Low-level interface#

nanobind exposes a low-level interface to provide fine-grained control over the sequence of steps that instantiates a Python object wrapping a C++ instance. This is useful when writing generic binding code that manipulates nanobind-based objects of various types.

Given a previous nb::class_<...> binding declaration, the nb::type<T>() template function can be used to look up the Python type object associated with a C++ class named MyClass.

nb::handle py_type = nb::type<MyClass>();

In the case of failure, this line will return a nullptr pointer, which can be checked via py_type.is_valid(). We can verify that the type lookup succeeded, and that the returned instance indeed represents a nanobind-owned type (via nb::type_check(), which is redundant in this case):

assert(py_type.is_valid() && nb::type_check(py_type));

nanobind knows the size, alignment, and C++ RTTI std::type_info record of all bound types.
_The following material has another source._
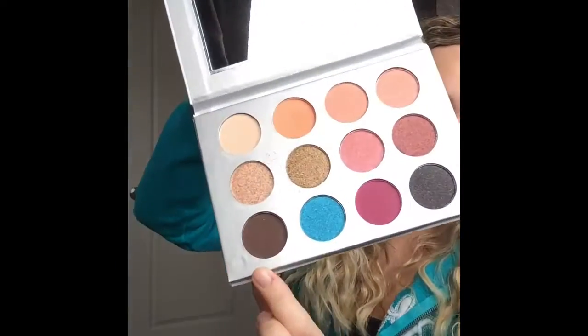I really like using orange as a crease color - I find it looks really nice underneath other colors, especially dark colors. I'm really digging this color and it's applying nicely and blending easily as well. Now I'm just going to take a flat shader brush and jump into this dark brown color called Duet and start adding this all over the lid.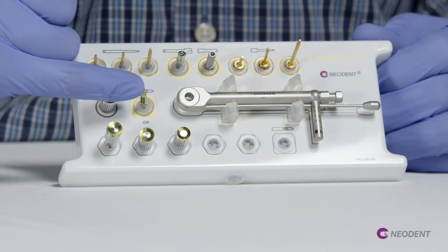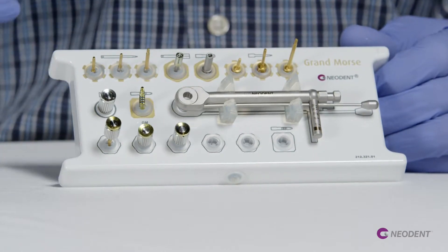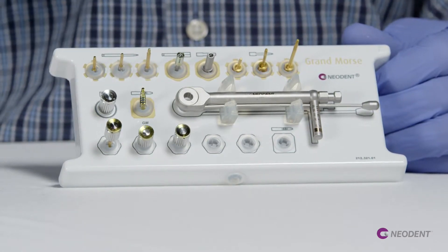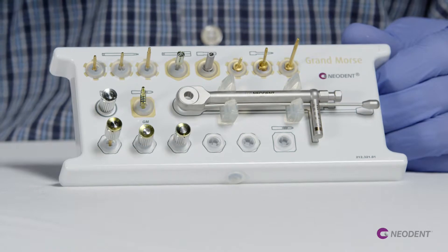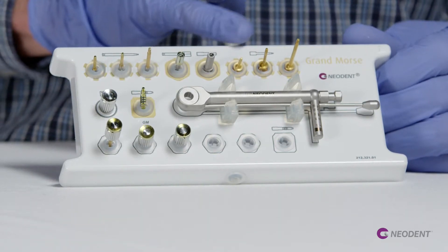This is the height measure tool — the same we have in the surgical kit — to take the measurement of the soft tissue. And here is the torque wrench to use with the torque drivers.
They can be queried on the fly via nb::type_size(), nb::type_align(), and nb::type_info() in situations where this is useful.

assert(nb::type_size(py_type) == sizeof(MyClass) &&
       nb::type_align(py_type) == alignof(MyClass) &&
       nb::type_info(py_type) == typeid(MyClass));

Given a type object representing a C++ type, we can create an uninitialized instance via nb::inst_alloc(). This is an ordinary Python object that can, however, not (yet) be passed to bound C++ functions to prevent undefined behavior. It must first be initialized.

nb::object py_inst = nb::inst_alloc(py_type);

We can confirm via nb::inst_check() that this newly created instance is managed by nanobind, that it has the correct type in Python. Calling nb::inst_ready() reveals that the ready flag of the instance is set to false (i.e., it is still uninitialized).

assert(nb::inst_check(py_inst) &&
       py_inst.type().is(py_type) &&
       !nb::inst_ready(py_inst));

For simple plain old data (POD) types, the nb::inst_zero() function can be used to zero-initialize the object and mark it as ready.

nb::inst_zero(py_inst);
assert(nb::inst_ready(py_inst));

We can destruct this default instance via nb::inst_destruct() and convert it back to non-ready status. This memory region can then be reinitialized once more.

nb::inst_destruct(py_inst);
assert(!nb::inst_ready(py_inst));

What follows is a more interesting example, where we use a lesser-known feature of C++ (the “placement new” operator) to construct an instance in-place into the memory region allocated by nanobind.

// Get a C++ pointer to the uninitialized instance data
MyClass *ptr = nb::inst_ptr<MyClass>(py_inst);

// Perform an in-place construction of the C++ object at address 'ptr'
new (ptr) MyClass(/* constructor arguments go here */);

Following this constructor call, we must inform nanobind that the instance object is now fully constructed via nb::inst_mark_ready(). When its reference count reaches zero, nanobind will then automatically call the in-place destructor (MyClass::~MyClass).

nb::inst_mark_ready(py_inst);
assert(nb::inst_ready(py_inst));

Let’s destroy this instance once more manually (which will, again, call the C++ destructor and mark the Python object as non-ready).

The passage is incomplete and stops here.